(WHAT YOU SHOULD DO):
Print exactly what appears from the line containing "Used 2023 Jeep" through the final line of the data below, pictures excluded.

-- Opening Marker --

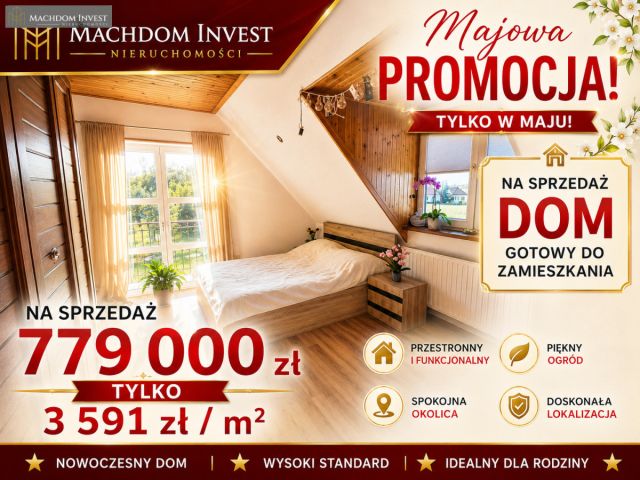 dom wolnostojący, 5 pokoi Szabda. Zdjęcie 1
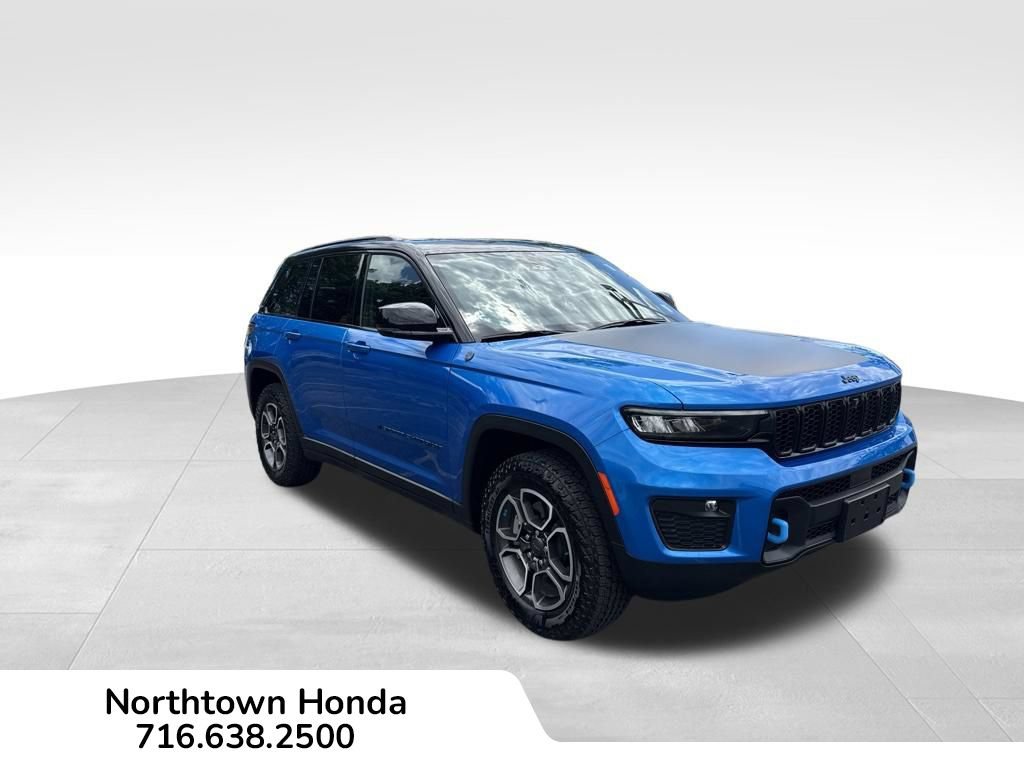 Used 2023 Jeep Grand Cherokee Trailhawk w/ Luxury Tech Group III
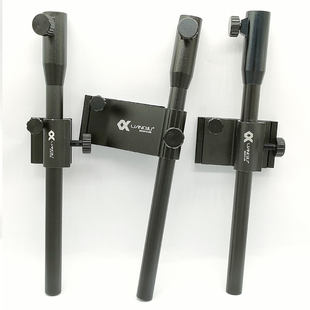 连球铝合金钓箱配件饵盘架饵料盆插片式拉饵盘支架S8S2S5238S9款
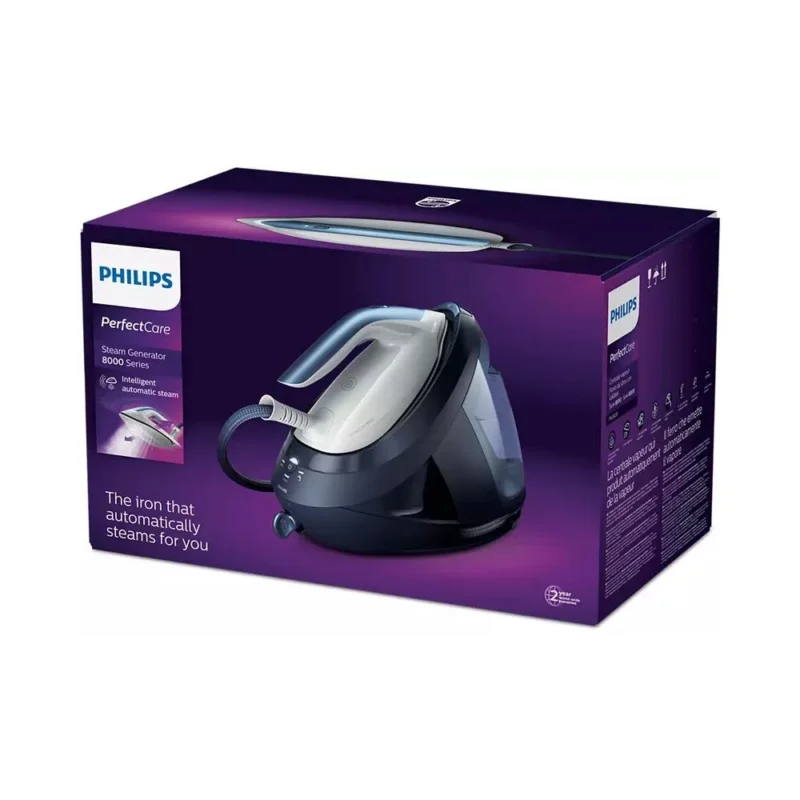 Philips PSG8030/20 PerfectCare 8000 Serisi Buhar Kazanlı Ütü - Görsel 2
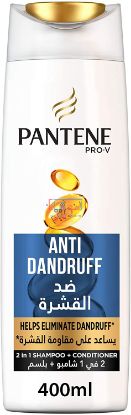 Picture of Pantene Pro-V Anti-Dandruff 2in1 Shampoo 400ml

-- Closing Marker --

(ANSWER TO THE PROBLEM):
 Used 2023 Jeep Grand Cherokee Trailhawk w/ Luxury Tech Group III
 连球铝合金钓箱配件饵盘架饵料盆插片式拉饵盘支架S8S2S5238S9款
 Philips PSG8030/20 PerfectCare 8000 Serisi Buhar Kazanlı Ütü - Görsel 2
 Picture of Pantene Pro-V Anti-Dandruff 2in1 Shampoo 400ml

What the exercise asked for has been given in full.